The April 11, 2014 Report of the Congressional Research Service [link] shows that Congress recognizes that Article V grants to Congress exclusive authority to set up a convention:

“Second, While the Constitution is silent on the mechanics of an Article V convention, Congress has traditionally laid claim to broad responsibilities in connection with a convention, including (1) receiving, judging, and recording state applications;(4) determining the number and selection process for its delegates…” (page 4).

So Congress has the power to receive and judge the applications; how to count the applications, which ones to count, whether to aggregate the different forms of applications, etc.

Nothing in the Constitution permits State Legislatures to dictate amendments to be considered. The convention is the deliberative body.

Nothing in the Constitution requires Congress to permit States to select Delegates. Congress – the same Congress which Natelson tells us is “abusive”, “mendacious” and “revels in its power”- has the power to select the Delegates. Congress may appoint themselves as Delegates. 3

6. The People have the power to take down and set up governments

The push for an Article V convention is a hoax. The Globalists who stole the Election want a new Constitution. They are using “getting amendments to rein in the federal government” as a pretext for getting a convention where a new Constitution is sure to be imposed. Madison expressly warned of this stratagem [link].

Our Declaration of Independence is part of the “Organic Law” of our Land. It recognizes that The People take down and create governments. When Delegates meet in convention to address a Constitution, they are the Sovereign Representatives of The People. They cannot be controlled by the “creatures” of Constitutions previously ratified by the People [link].
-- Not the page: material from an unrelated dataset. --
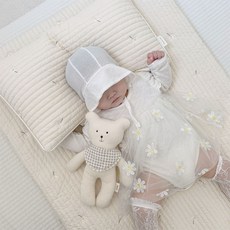 Malolotte 兒童用絎縫刺繡午睡枕 含枕芯, 飄逸雛菊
In Federalist No. 40 (15th para) James Madison invoked the “transcendent and precious right” of a people to throw off one government and set up a new one as justification for the Delegates to the federal “amendments” convention of 1787 ignoring their instructions to propose amendments to the Articles of Confederation, and instead writing a new Constitution with its own easier mode of ratification.

Accordingly, even if the “abusive” and “mendacious” Congress doesn’t “revel in its power” to appoint Delegates, but graciously permits States to select Delegates, State Legislatures have no competent authority to control Delegates at a convention called by Congress pursuant to Article V. The Delegates, as Sovereign Representatives of The People, have the power to eliminate the federal & state governments! 4

Heed the warning of the great statesman Daniel Webster:

“The politician that undertakes to improve a Constitution with as little thought as a farmer sets about mending his plow, is no master of his trade. If that Constitution be a systematic one, if it be a free one, its parts are so necessarily connected that an alteration in one will work an alteration in all; and this cobbler, however pure and honest his intentions, will, in the end, find that what came to his hands a fair and lovely fabric goes from them a miserable piece of patchwork.” Daniel Webster, 4th of July Oration, 1802.

Endnotes:

1 In a speech Natelson gave on Sep. 16, 2010 [link at top of p. 2], he said he would no longer call what he wanted a “constitutional convention”; but would ‘put our concepts on “reset” ’ and henceforth call it a “convention of states”.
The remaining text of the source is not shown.